(Provided material)
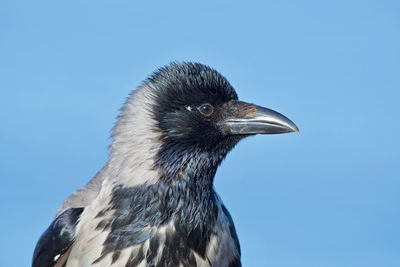 Close-up of a crow looking away against blue sky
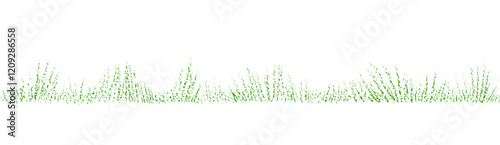 Grass border. Vector seamless patern Pencil sketch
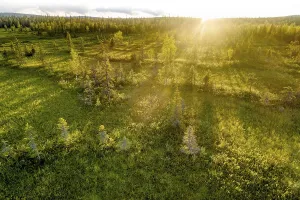Drone view, aerial photo, boreal arctic forest with Pines (Pinus) in wetland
(End Provided material)
▶ _Problem details_
Set the material down exactly, images excluded.

▶ _Task output_
 Close-up of a crow looking away against blue sky
 Grass border. Vector seamless patern Pencil sketch
Drone view, aerial photo, boreal arctic forest with Pines (Pinus) in wetland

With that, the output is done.